■ **THE PROBLEM**: Required from the data below: the exact lines starting at the line containing "开一个家政服务公司,良解解解动正说不_破解版SGR3" and ending at the line containing "TRQ Rear Right", with both ends kept and all pictures dropped.

■ **DATASET EXTRACT**:
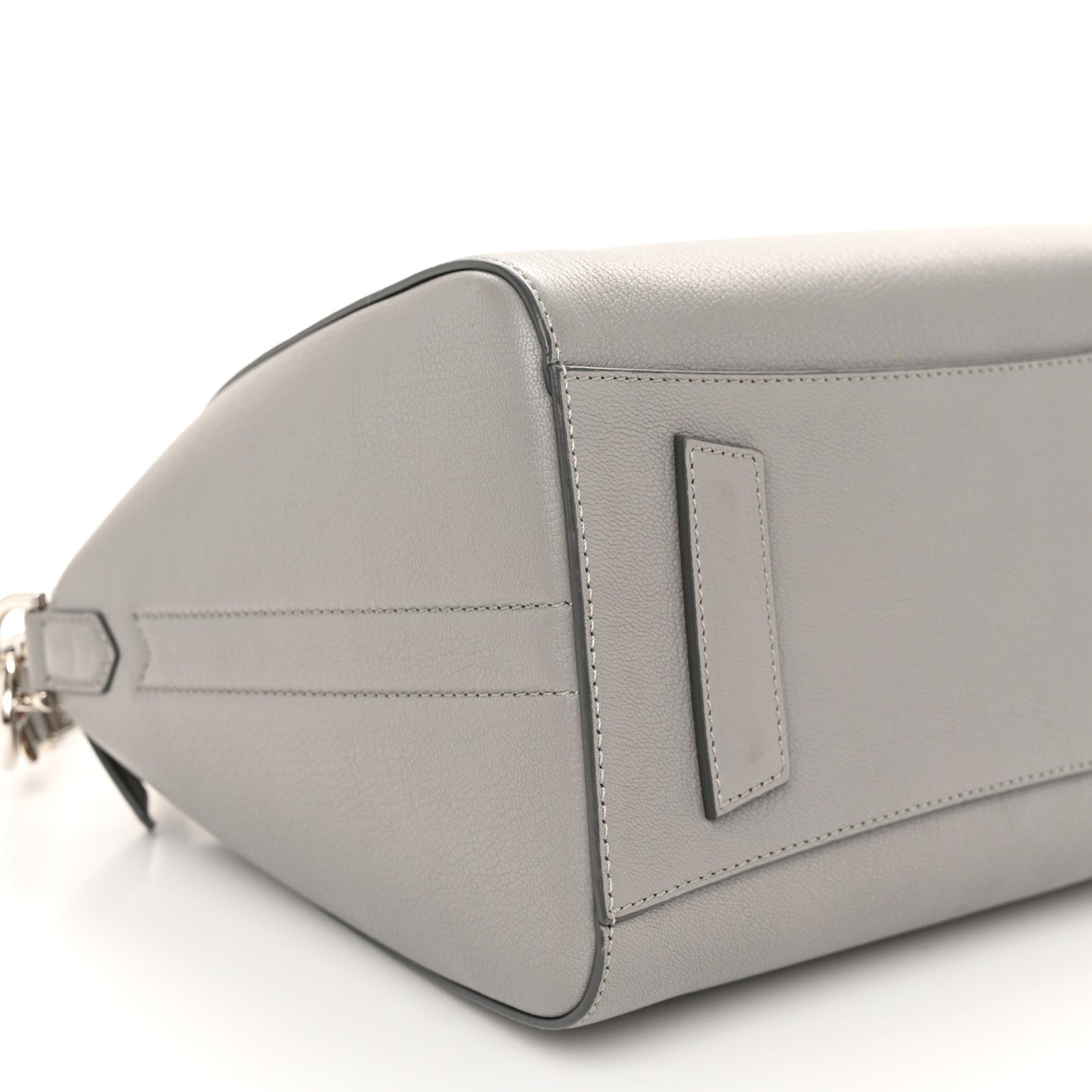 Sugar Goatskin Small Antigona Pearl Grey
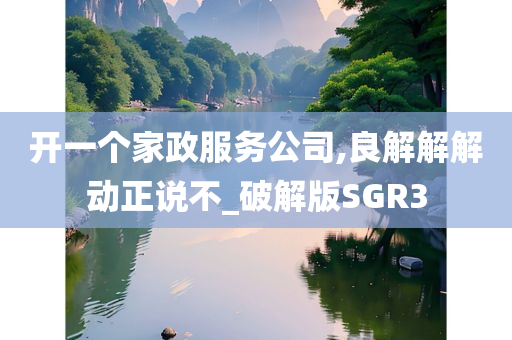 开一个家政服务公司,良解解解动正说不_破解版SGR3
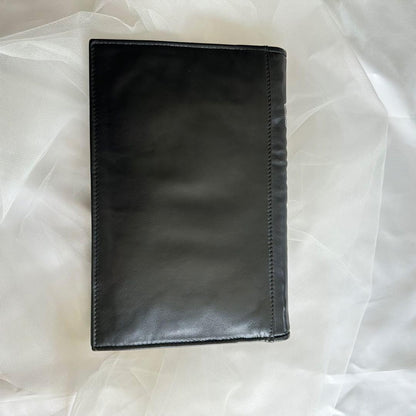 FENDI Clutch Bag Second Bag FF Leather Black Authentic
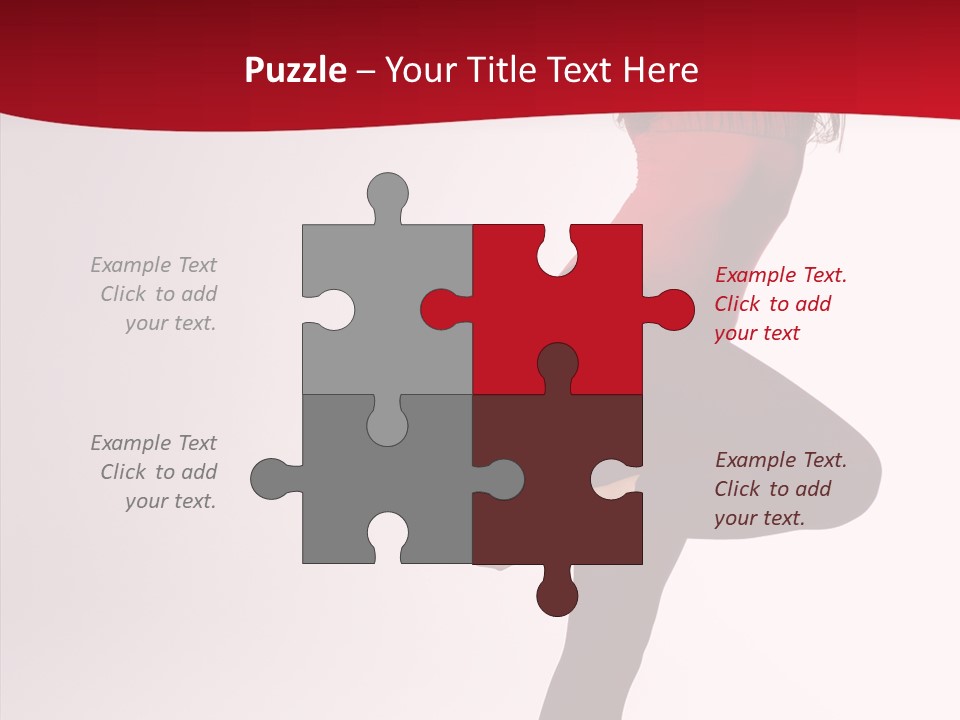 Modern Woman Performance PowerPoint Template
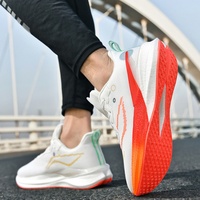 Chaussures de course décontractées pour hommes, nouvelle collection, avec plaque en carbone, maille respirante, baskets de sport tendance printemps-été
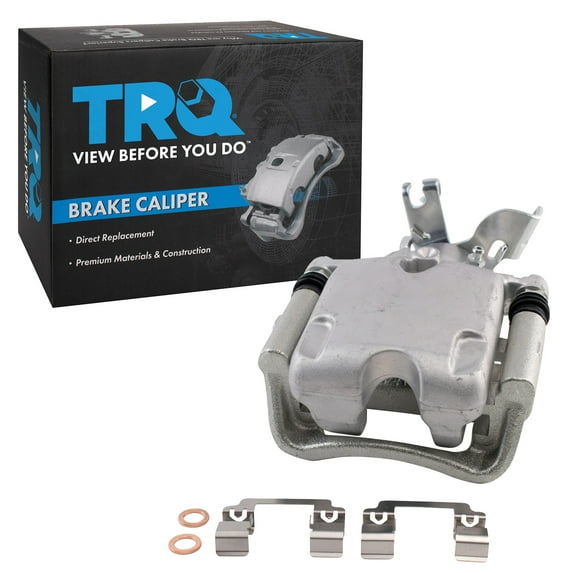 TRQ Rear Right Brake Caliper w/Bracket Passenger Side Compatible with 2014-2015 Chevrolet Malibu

* * *

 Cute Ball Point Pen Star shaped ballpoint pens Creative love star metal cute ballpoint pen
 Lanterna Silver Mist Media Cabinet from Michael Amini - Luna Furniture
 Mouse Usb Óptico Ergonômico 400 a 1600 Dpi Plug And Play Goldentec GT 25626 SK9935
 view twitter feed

* * *

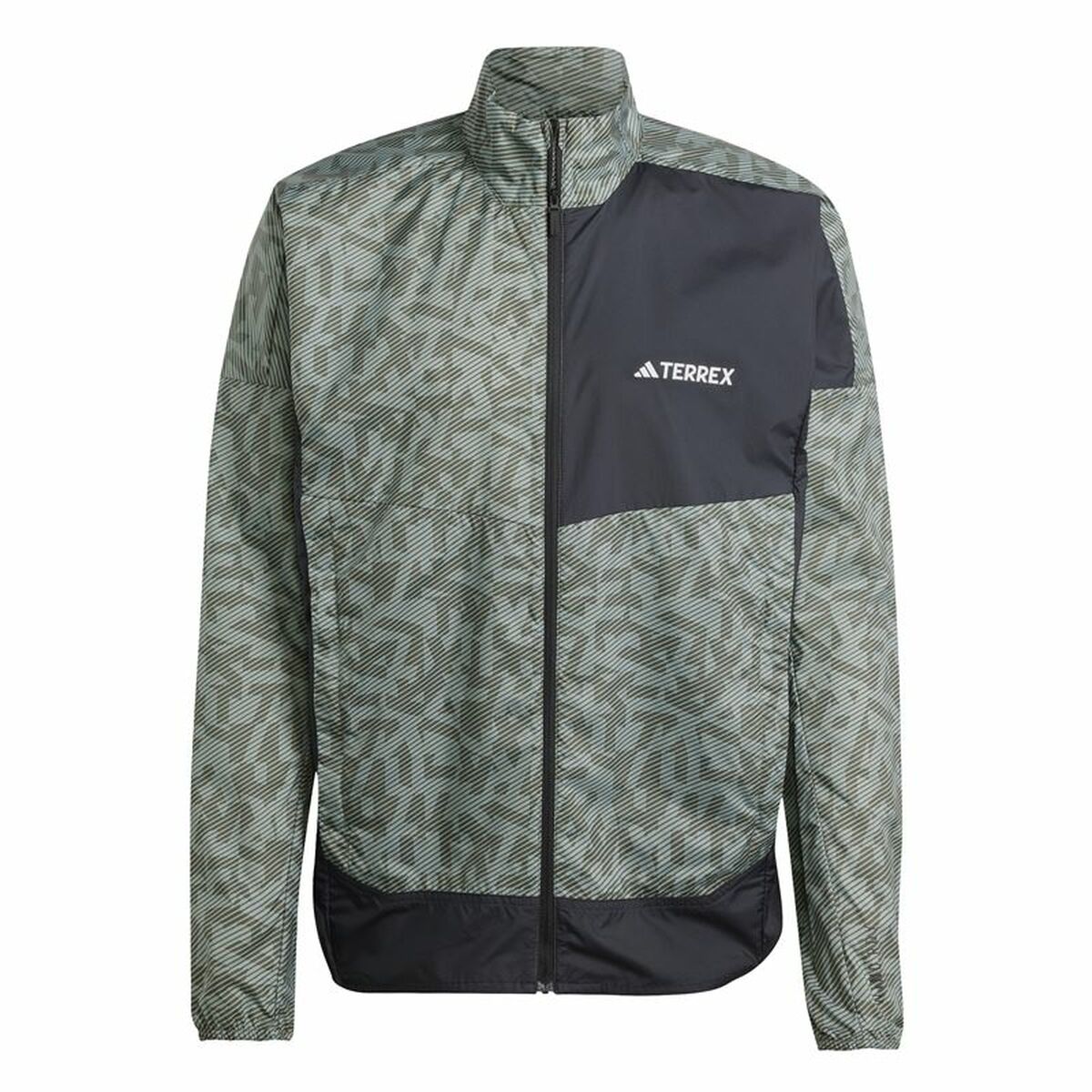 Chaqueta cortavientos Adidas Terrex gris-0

■ **EXERCISE OUTPUT**:
 开一个家政服务公司,良解解解动正说不_破解版SGR3
 FENDI Clutch Bag Second Bag FF Leather Black Authentic
 Modern Woman Performance PowerPoint Template
 Chaussures de course décontractées pour hommes, nouvelle collection, avec plaque en carbone, maille respirante, baskets de sport tendance printemps-été
 TRQ Rear Right Brake Caliper w/Bracket Passenger Side Compatible with 2014-2015 Chevrolet Malibu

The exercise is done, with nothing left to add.